Image-caption web data:
──────────
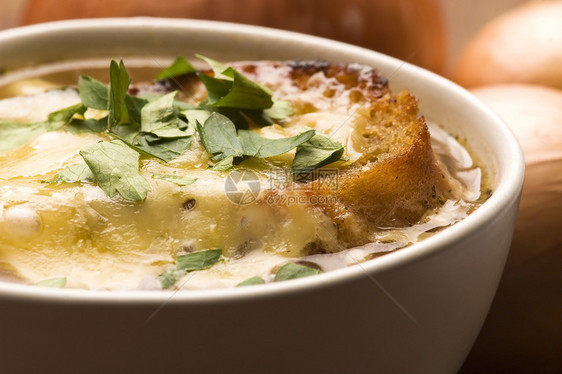法式洋葱汤 配有原料团体面包块洋葱食物面包勺子静物午餐蔬菜油炸图片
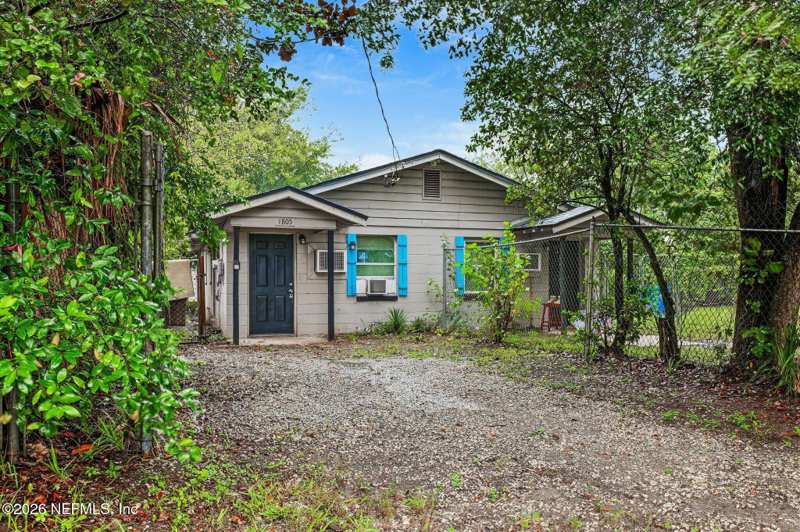 4 bedroom Duplex at 1805 W 44th Street, Jacksonville, Jacksonville — photo 1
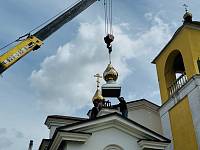Освящение креста и купола для храма Троица-Чижи деревни Часовня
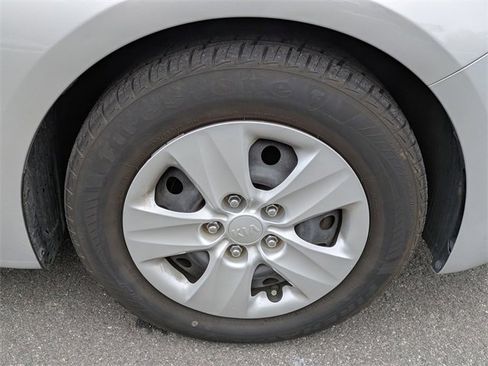 Used 2017 Kia Forte LX image 11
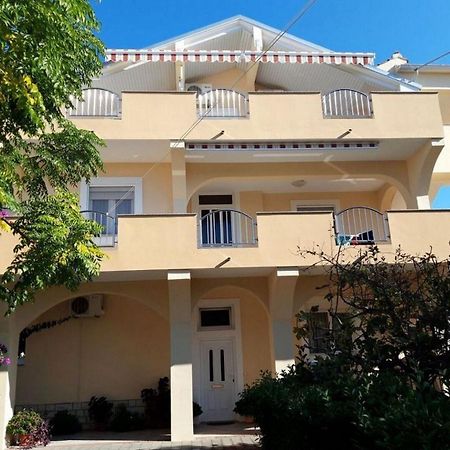 Apartments Mira 扎达尔 外观 照片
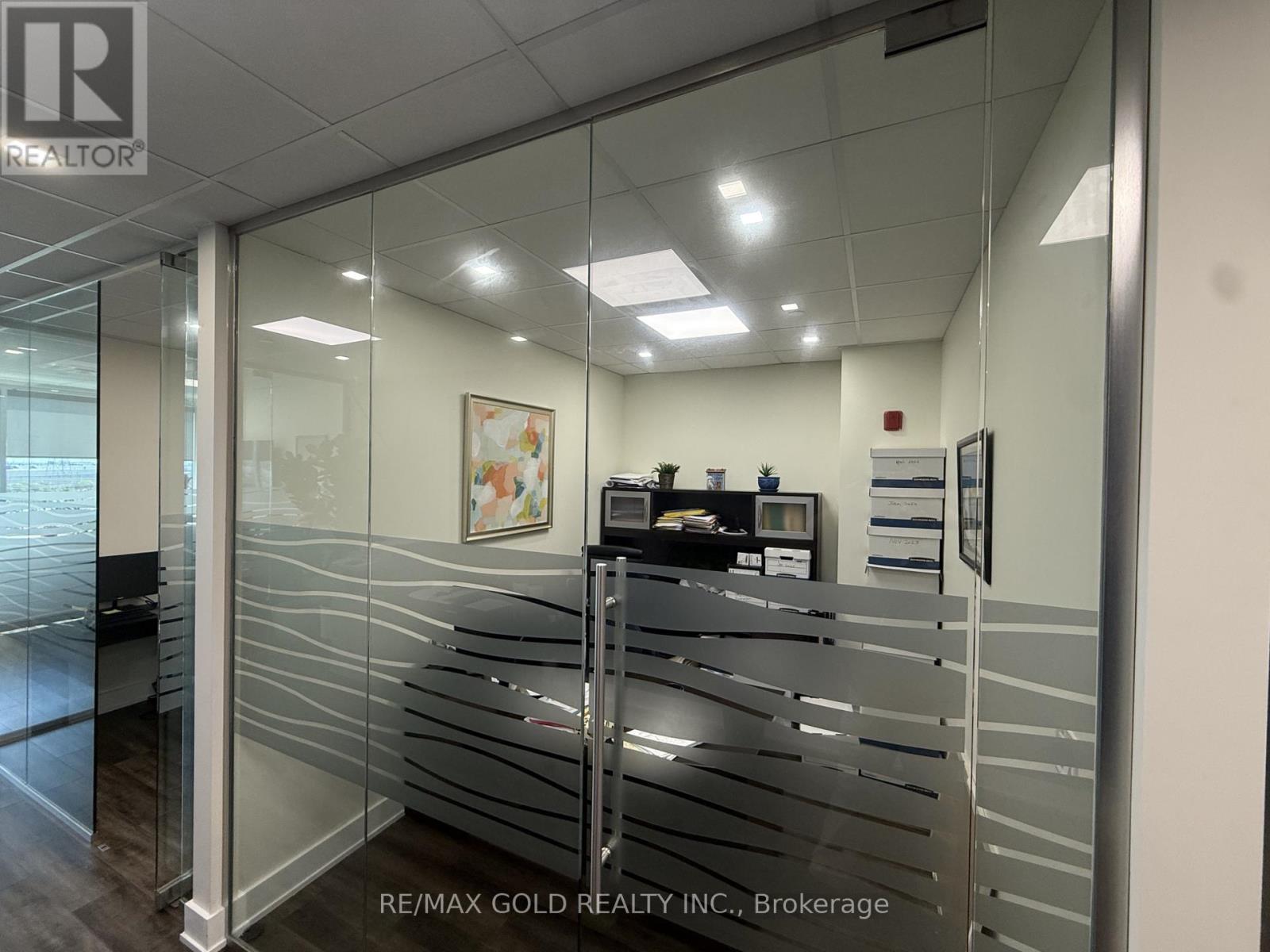 218 Export Boulevard, Mississauga, Ontario  L5S 1Y4 - Photo 5 - W12514792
──────────
Task to carry out » In the copy, include every line of the entries above exactly and none of the pictures.

Exercise answer »
法式洋葱汤 配有原料团体面包块洋葱食物面包勺子静物午餐蔬菜油炸图片
 4 bedroom Duplex at 1805 W 44th Street, Jacksonville, Jacksonville — photo 1
Освящение креста и купола для храма Троица-Чижи деревни Часовня
 Used 2017 Kia Forte LX image 11
 Apartments Mira 扎达尔 外观 照片
 218 Export Boulevard, Mississauga, Ontario  L5S 1Y4 - Photo 5 - W12514792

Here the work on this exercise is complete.